Maintenance


Just like with backups, you should be able to run any maintenance script at any time under any load. You never know when things will be run on accident! If you need tips on how to run these processes under live load, please review the backups section.

 

Packing Zeo 

The number one rule to maintain a healthy system is "you must pack your zeos!". Zeodb keeps eons of revisions in its database, many more than you will ever need. If you leave it running without packing, the size can double quickly if you have lots of edits. Think of it as a colon cleans for your data. Many will testify that after a pack your site will seem speedy and responsive.

 

If you are worried about recovering data for legal reasons, have no fear. Before packing, zeo makes a copy of itself "in place" before packing called Data.fs.old. In theory, you can just rename the extension and get this baby up and running with the before pack database. In reality, there is a lot that could happen here so be careful that you are still taking regular backups and not depending on these as backups.

 

One thing to remember is if you have just packed your database, all of your backups with repozo will need to start with a full copy again. This means that there will be more tax on your disk at this time as a full backup is taken. After each pack, repozo does a full backup and then incrementals until the next pack. It would be who of you to schedule packing at hours of system slowness, immediately followed by a fresh backup.

 

If you have not been a careful little code monkey or your sys admins are plotting your demise, things can go very wrong. In particular, if you are mounting multiple databases and have cut & pasted content between multiple mounts you will start to see POSKeyErrors and the like as soon as you pack/restart. Make sure you have those backups in place or you will immediately regret it.

 

Sample packing script for linux that you can run with cron weekly, nightly, or ever so rightly.

 

Managing Multiple Boxes 

When talking about building systems, you move from building modules of software to automating system management tasks. Anything that could be automated should. Scripts for deploys, packing, backups, etc should all be in place. It becomes particularly interesting when you need to run these on multiple machines - i.e. to do a rolling restart of all zope servers.
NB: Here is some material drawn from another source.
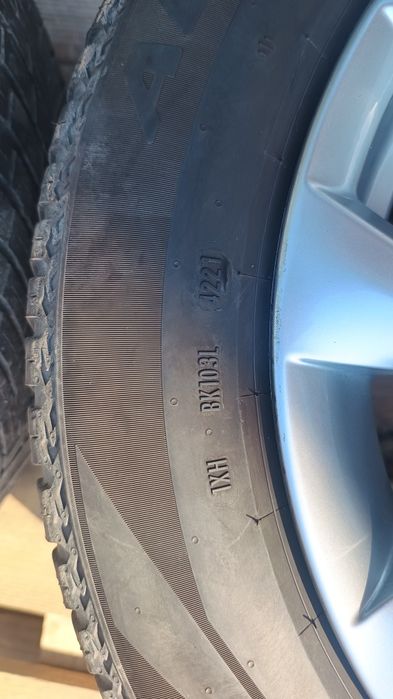 Felgi Mazda 3 , opony Pirelli All Season Cinturato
There are many tools out there to help with that.

 

Running Batch/Cron Jobs Smartly

Summary: When writing maintenance, backup, etc... scripts make sure they can run at ANY time of the day under ANY load without affecting the stability and responsiveness of the system.

 

Explanation: When running any maintenance jobs that tend to take up a lot of resources, be it cpu or disk, there is a strong tendancy to want to just say - screw it. We'll run everything at night since no one is on the system really at that time.  This works for a small period of time, and as long as you aren't doing a lot of maintenance and your site stays small it won't hurt you. However there is a point where there is just too much to be done and it can't always happen at night. Then you are forced to sit back and say "I need to do the same thing but it needs to run during the day and not affect the system". Turns out this is almost always a trivial change with a little bit of smart system thinking.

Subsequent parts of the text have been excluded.